_MATERIALS PROVIDED_

--- START ---

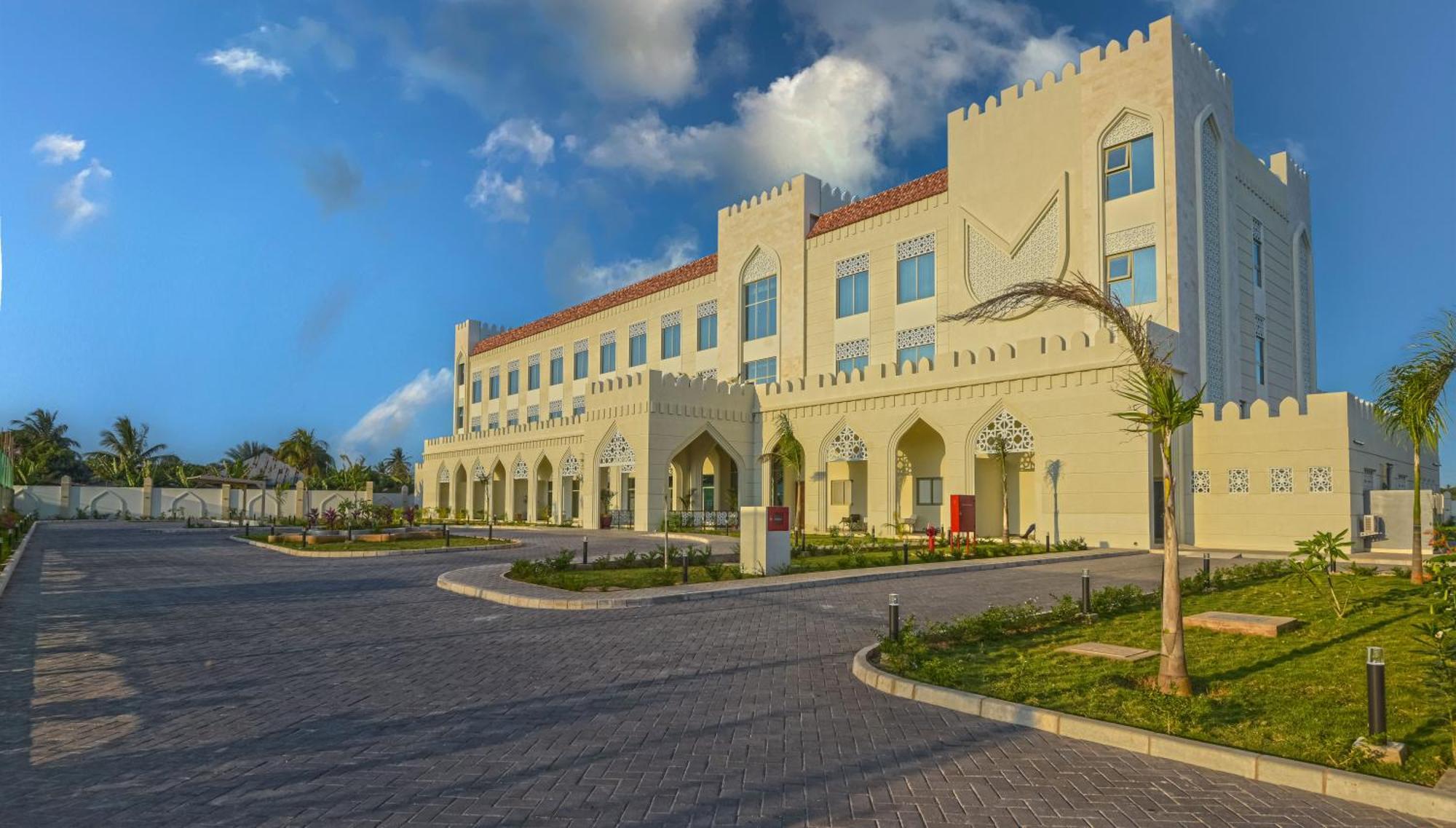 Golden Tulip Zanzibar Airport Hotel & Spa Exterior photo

--- END ---
--- START ---

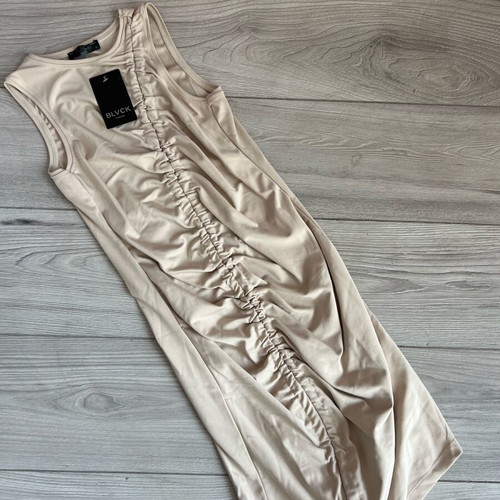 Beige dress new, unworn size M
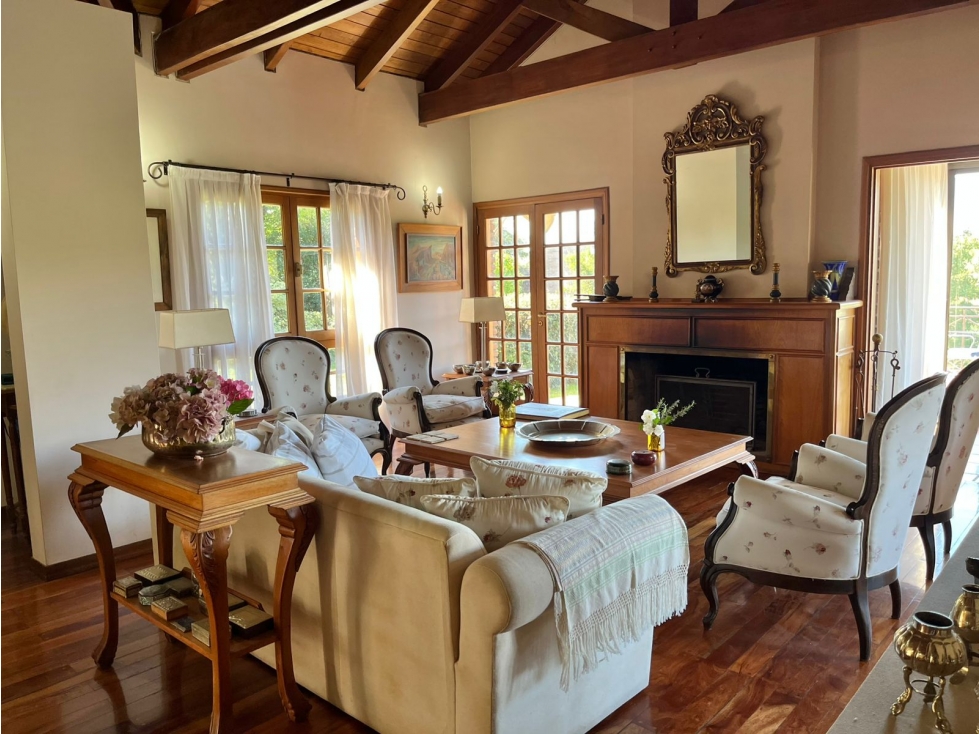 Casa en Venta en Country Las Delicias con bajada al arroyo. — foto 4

--- END ---
--- START ---

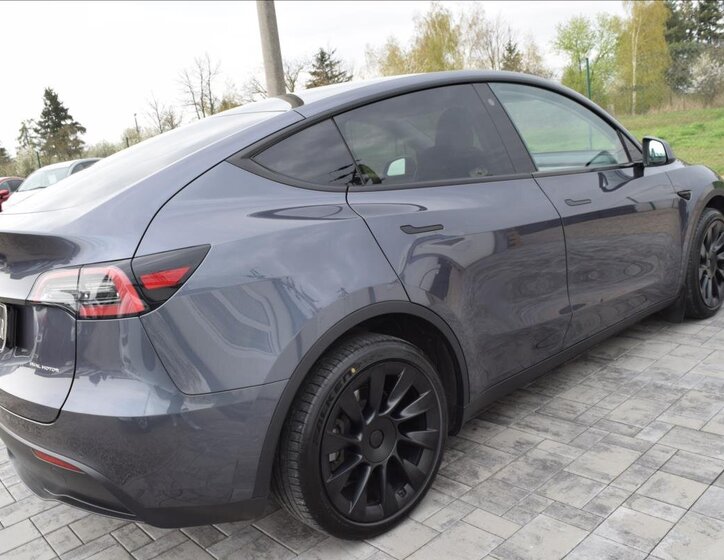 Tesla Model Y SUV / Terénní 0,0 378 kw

--- END ---

_WORK INSTRUCTION_
Look through the listing above for the line with "Beige dress new, unworn size M" and the line with "Casa en Venta". Write out exactly those lines and everything between, leaving out pictures.

_TASK ANSWER_
 Beige dress new, unworn size M
 Casa en Venta en Country Las Delicias con bajada al arroyo. — foto 4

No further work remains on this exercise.